*** Exercise data Section Begins ***

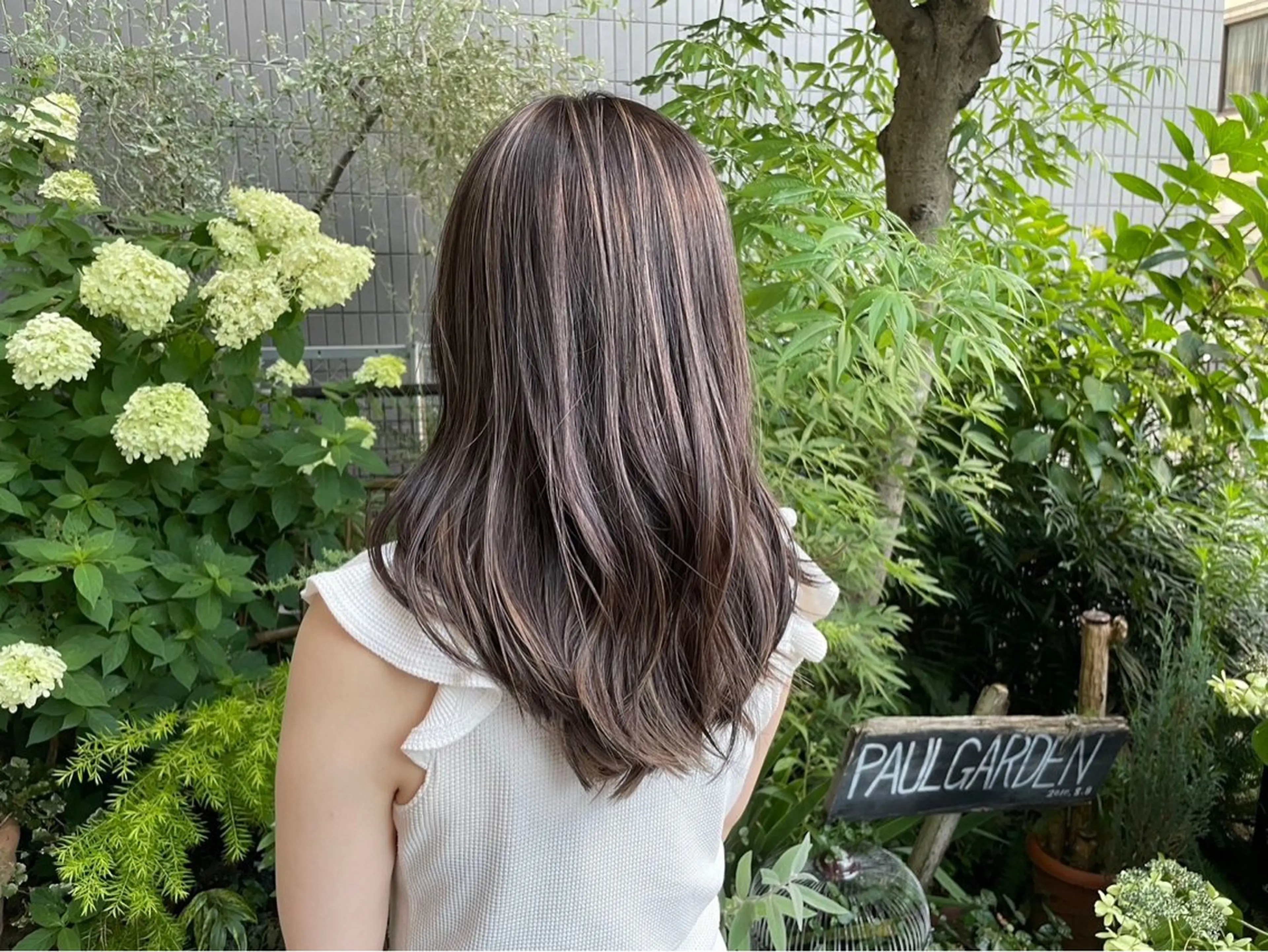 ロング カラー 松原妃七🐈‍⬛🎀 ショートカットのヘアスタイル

*** Exercise data Section Ends ***
*** Exercise data Section Begins ***

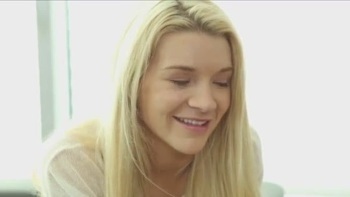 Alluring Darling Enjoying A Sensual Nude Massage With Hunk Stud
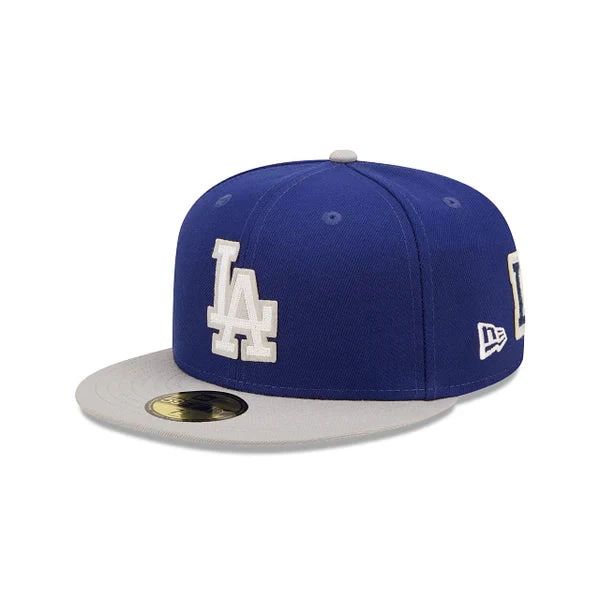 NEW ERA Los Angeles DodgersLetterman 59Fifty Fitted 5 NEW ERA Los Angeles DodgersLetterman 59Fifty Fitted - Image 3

*** Exercise data Section Ends ***

What you have to do —
Once the line with "Alluring Darling Enjoying" is found in the data above, reproduce it and each line after it exactly, through the line with "NEW ERA Los Angeles DodgersLetterman 59Fifty Fitted 5". Omit the pictures.

Result for this exercise —
 Alluring Darling Enjoying A Sensual Nude Massage With Hunk Stud
 NEW ERA Los Angeles DodgersLetterman 59Fifty Fitted 5 NEW ERA Los Angeles DodgersLetterman 59Fifty Fitted - Image 3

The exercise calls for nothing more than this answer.